**Directions for this task:** Quote precisely the final stretch of the listing: start at the line containing "undet. Mollusca" and stop after the last line.

**Records for the exercise:**
++++++++

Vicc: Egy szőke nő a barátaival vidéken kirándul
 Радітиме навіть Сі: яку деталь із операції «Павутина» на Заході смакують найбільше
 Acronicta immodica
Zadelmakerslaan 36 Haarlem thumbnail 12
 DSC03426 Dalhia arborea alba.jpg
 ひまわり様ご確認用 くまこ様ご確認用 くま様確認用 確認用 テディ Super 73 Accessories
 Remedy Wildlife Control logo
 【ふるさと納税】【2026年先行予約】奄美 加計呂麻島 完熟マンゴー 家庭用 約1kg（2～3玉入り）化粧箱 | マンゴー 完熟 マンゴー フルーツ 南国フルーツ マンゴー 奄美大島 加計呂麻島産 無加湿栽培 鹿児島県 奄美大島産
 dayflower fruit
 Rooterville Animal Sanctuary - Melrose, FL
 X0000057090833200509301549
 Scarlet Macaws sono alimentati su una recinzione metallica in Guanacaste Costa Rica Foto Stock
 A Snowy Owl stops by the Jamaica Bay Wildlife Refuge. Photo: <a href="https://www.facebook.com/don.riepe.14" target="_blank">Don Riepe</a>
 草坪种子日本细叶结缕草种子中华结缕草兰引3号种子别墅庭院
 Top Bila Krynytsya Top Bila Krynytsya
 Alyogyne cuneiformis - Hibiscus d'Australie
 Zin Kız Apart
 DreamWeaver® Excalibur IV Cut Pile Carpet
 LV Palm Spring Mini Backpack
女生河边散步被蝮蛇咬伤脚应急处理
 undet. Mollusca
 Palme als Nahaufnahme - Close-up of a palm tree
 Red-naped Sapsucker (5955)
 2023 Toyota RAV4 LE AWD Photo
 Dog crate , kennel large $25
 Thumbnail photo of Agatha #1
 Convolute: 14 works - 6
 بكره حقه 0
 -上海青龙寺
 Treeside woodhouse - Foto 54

++++++++

**Response:**
 undet. Mollusca
 Palme als Nahaufnahme - Close-up of a palm tree
 Red-naped Sapsucker (5955)
 2023 Toyota RAV4 LE AWD Photo
 Dog crate , kennel large $25
 Thumbnail photo of Agatha #1
 Convolute: 14 works - 6
 بكره حقه 0
 -上海青龙寺
 Treeside woodhouse - Foto 54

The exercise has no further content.